Raw data:
::::::::

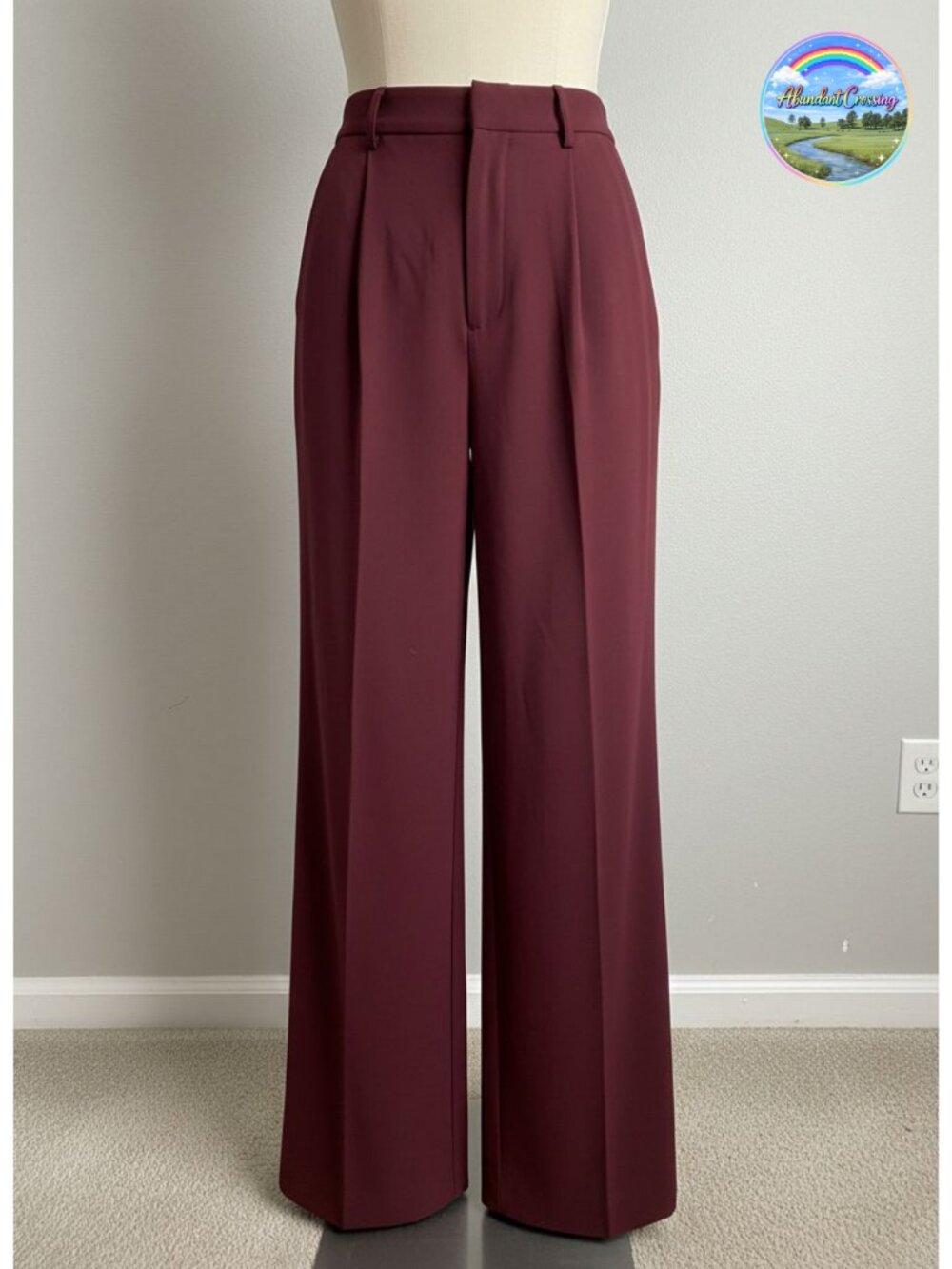 Womens Wide Leg Palazzo Dress Pants High Waisted Business Casual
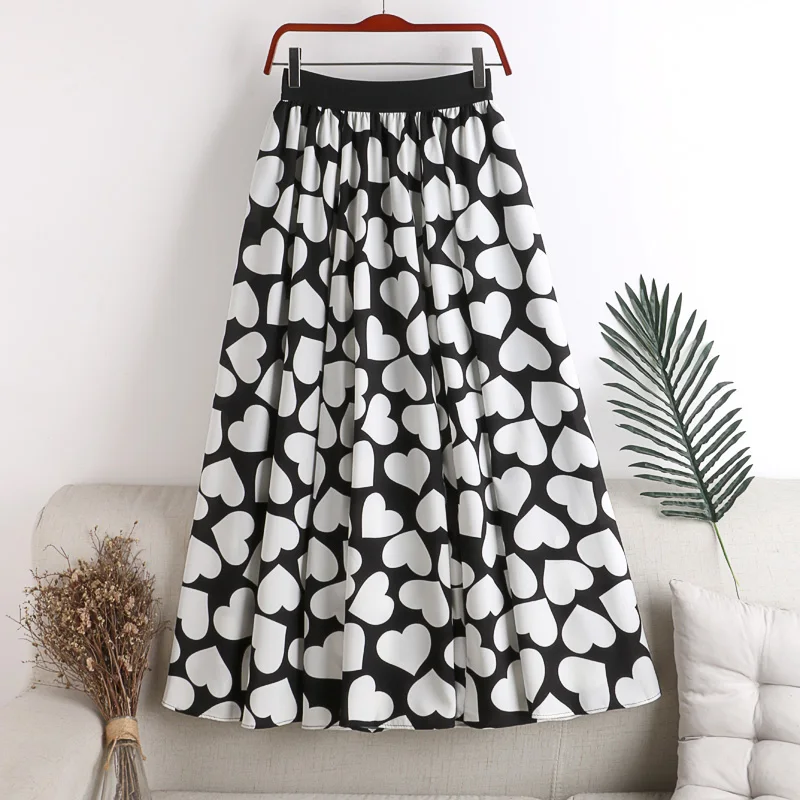 Юбка Женская приталенная длинная в форме сердца Повседневная Свободная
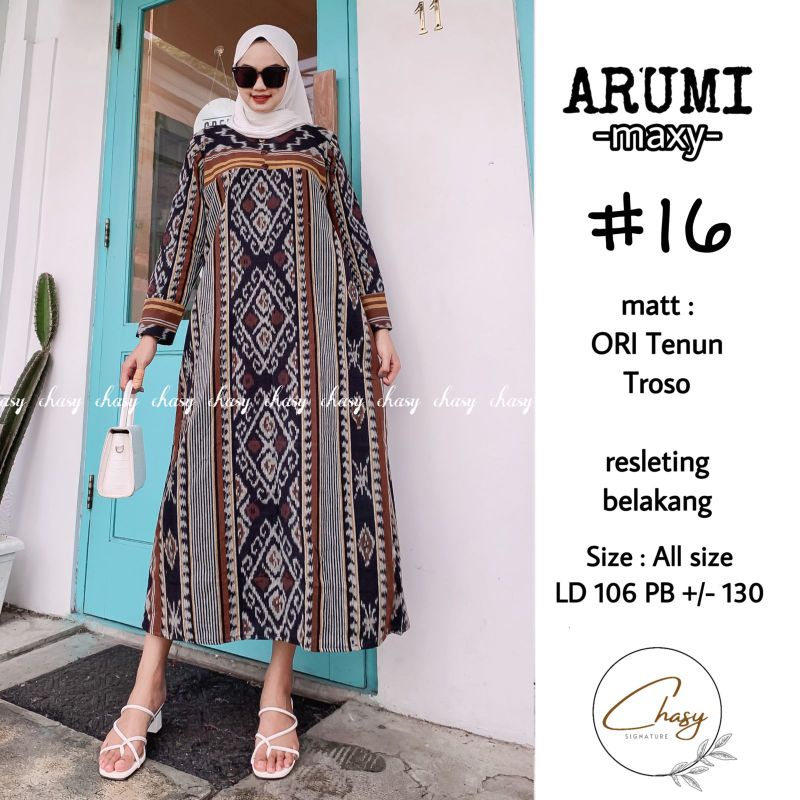 Gamis Tenun Troso Ori - Arumi Maxy by Chasy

::::::::

Problem:
Write down exactly the lines running from the line with "Юбка Женская приталенная" through the end of the material, both ends included, and none of the pictures.

Exercise solution:
 Юбка Женская приталенная длинная в форме сердца Повседневная Свободная
 Gamis Tenun Troso Ori - Arumi Maxy by Chasy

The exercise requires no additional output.